Among the MAGA-hat wearing Trump fans and the speakers in the Villages square which broadcast Fox News, a small contingent of Democratic residents staged a protest, complete with a miniature “Trump baby” mylar balloon, resting on a woman’s walker. They blew whistles and wore shirts that read, “Hate has no place here.” During the speech itself, that protest grew to about 40 people and devolved into shoves and insults between the anti-Trumpers and a few of his supporters.

One protester, Dee Melvin, said she wasn’t politically active until after the 2016 election. She’s now running for the local state House seat, a longshot bid for a seat that hasn’t gone blue in decades.
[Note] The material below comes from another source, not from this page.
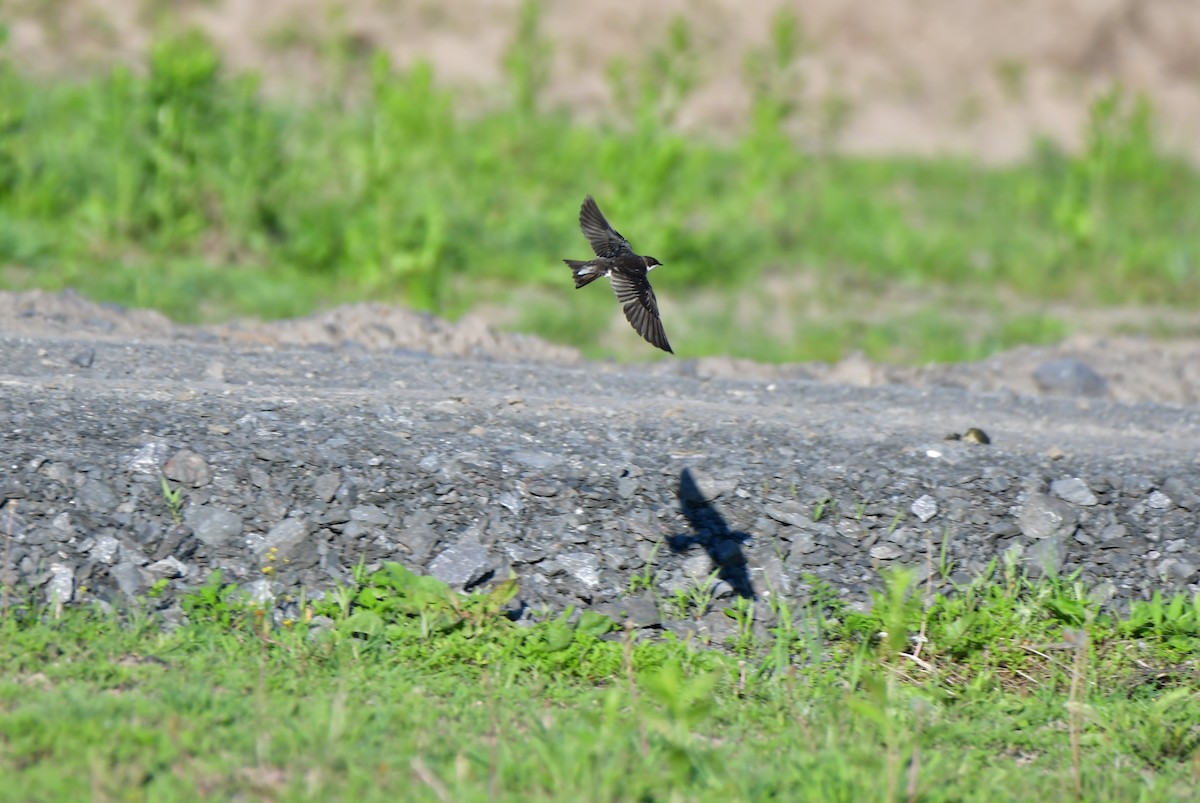 Golondrina Bicolor - ML619875810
Melvin said she was unsure at first if Democrats should impeach Trump, worried it could backfire for 2020, but once the details of the Ukrainian call began to emerge, she decided: “It’s time.”

"He's selling our country away to the highest bidder," she said.

But Trump never got close to the protests. Instead, he relished the warm embrace of his many fans at The Villages. He shared with the crowd his meeting of a man outside who had “my name tattooed on his leg.”

“Among all the negativity that surrounds him from many different kinds of people — from Antifa to the radical Democrats — he still gets things done,” said Becky Lampinen before his speech. “I don’t think there’s any man I’ve ever known that could do that, other than God.”

Interestingly, despite the bitterness between Trump and Pelosi, on Tuesday, the Associated Press reported that top Democratic aides and top White House and Trump administration officials met for a briefing on a Democratic bill that aims to lower prescription drug prices. And at a Wednesday news conference, Pelosi said she would still like to work with Trump in this area.

But on Twitter, Trump dismissed the idea of cooperation with a tweet, one in a days-long tweet storm that has warned of Civil War and suggested the House Intelligence Committee Chairman could be “arrested for treason.”

“Nancy Pelosi just said that she is interested in lowering prescription drug prices & working on the desperately needed USMCA,” he wrote, the latter a reference to a trade deal with Mexico and Canada. “She is incapable of working on either. It is just camouflage for trying to win an election through impeachment.”

Miami Herald staff writer David Smiley contributed to this report.